At the time of the Virginia Tech massacre (32 people killed, 2007), only one state university system (Utah) required colleges and universities to allow guns on campus. Following the mass slaughter at Virginia Tech and Northern Illinois University (5 people killed, 2008), you might think that the NRA would have begun backing sensible gun regulation. Instead, the NRA proposed a bill requiring colleges and universities to have guns on campus. Thanks to the NRA’s support and ALEC’s advocacy, there are now 8 states that have adopted a version of this bill, allowing guns on campus: 2 of those for concealed-carry permit holders (Colorado, Utah), and 6 guns in some circumstances (Idaho, Minn., Mississippi, Oregon, Texas, Wisconsin). As of July 1, 2017, Kansas will join these states.
Since I teach at a state university in Kansas, and since I rather enjoy being alive, I hope that our state legislature will repeal its so-called “Kansas Personal and Family Protection Act” or that the Kansas Board of Regents will grant state universities an exemption. As of right now, I do not see conclusive evidence that either will happen. That’s one reason I joined 39 other Kansas State University Distinguished Professors in calling for a change in state gun policy. As our letter says,
There is no evidence that increased gun presence has decreased death or injury by guns on campuses. Whether on campuses or elsewhere, private citizens have had no appreciable success in preventing deaths by intentional shooters, accidental shooters, or suicidal individuals. Beyond the boundaries of universities, the evidence is that the presence of guns in homes increases the likelihood of death or injury by gunshot. We believe our community is safest without guns in our midst, except in the hands of on-duty law enforcement officials.
And:
We are dedicated teachers, mentors, researchers, and colleagues.
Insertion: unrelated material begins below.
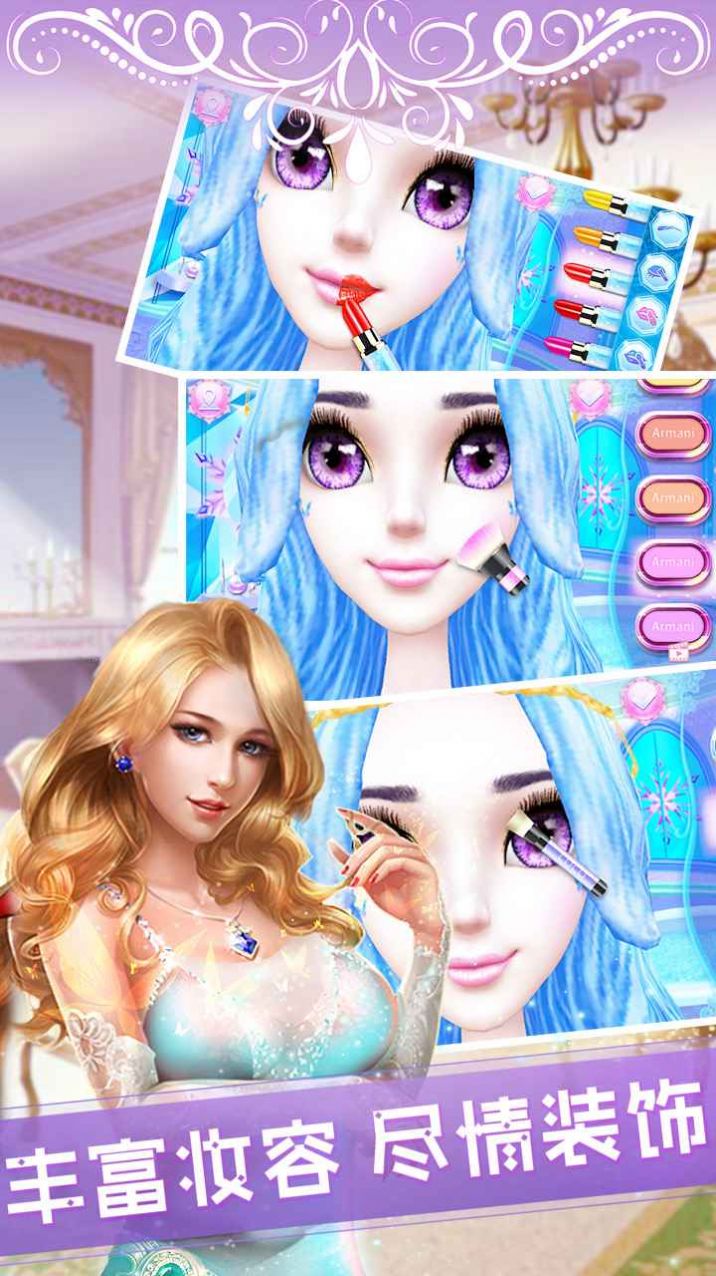 芭比公主换装化妆游戏图1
We believe that the unrestricted presence of guns in our classrooms, offices, lecture halls and other spaces will make us and our students feel less safe. It will compromise the open door policy many of us maintain, in which students and others are free to drop by our offices to consult or converse. It will make students less open to working together with others whom they may not know well, and will adversely affect their educational experience. We believe that by compromising the safety of our community members, sanctioning guns on campus goes against the mission of the university.
We are not the only educators opposing state legislatures’ attempts to endanger the lives of students, faculty, and staff. I’ve been encouraged to see other organizations and individuals speaking out against the false notion – promoted by the NRA and their legislators – that making it possible for more people to kill other people somehow magically increases the safety of all people.
In its statement opposing “campus carry” laws, the American Association of University Professors says, “State legislative bodies must refrain from interfering with decisions that are properly the responsibility of the academic community.” 29 scholarly societies (including the American Studies Association) issued their own statement against the incursion of guns on campus, saying that Texas’ “Campus Carry law and similar laws in other states introduce serious safety threats on college campuses with a resulting harmful effect on students and professors.”
Will state legislatures actually listen to the people who work in the field of education? Or will they instead flood campuses with guns, increasing the likelihood that students, teachers, and staff will get added to the next sad, inevitable list of the dead? Also, if bringing guns into the workplace is such a great idea, then why don’t legislatures allow guns in their workplaces? (The Kansas legislature, for example, grants itself an exemption from its law.)
As of the middle of October 2015, there had been 25 shootings on American college campuses this year, resulting in 23 dead and 25 injured. These include mass shootings, accidental shootings, and murder-suicides. (Suicide is a leading cause of death for college-aged people and guns are used in the majority of these deaths.) I haven’t checked the statistics as of today (December 2nd), but I know there have been others since mid-October and fully expect there to be more before the end of the year.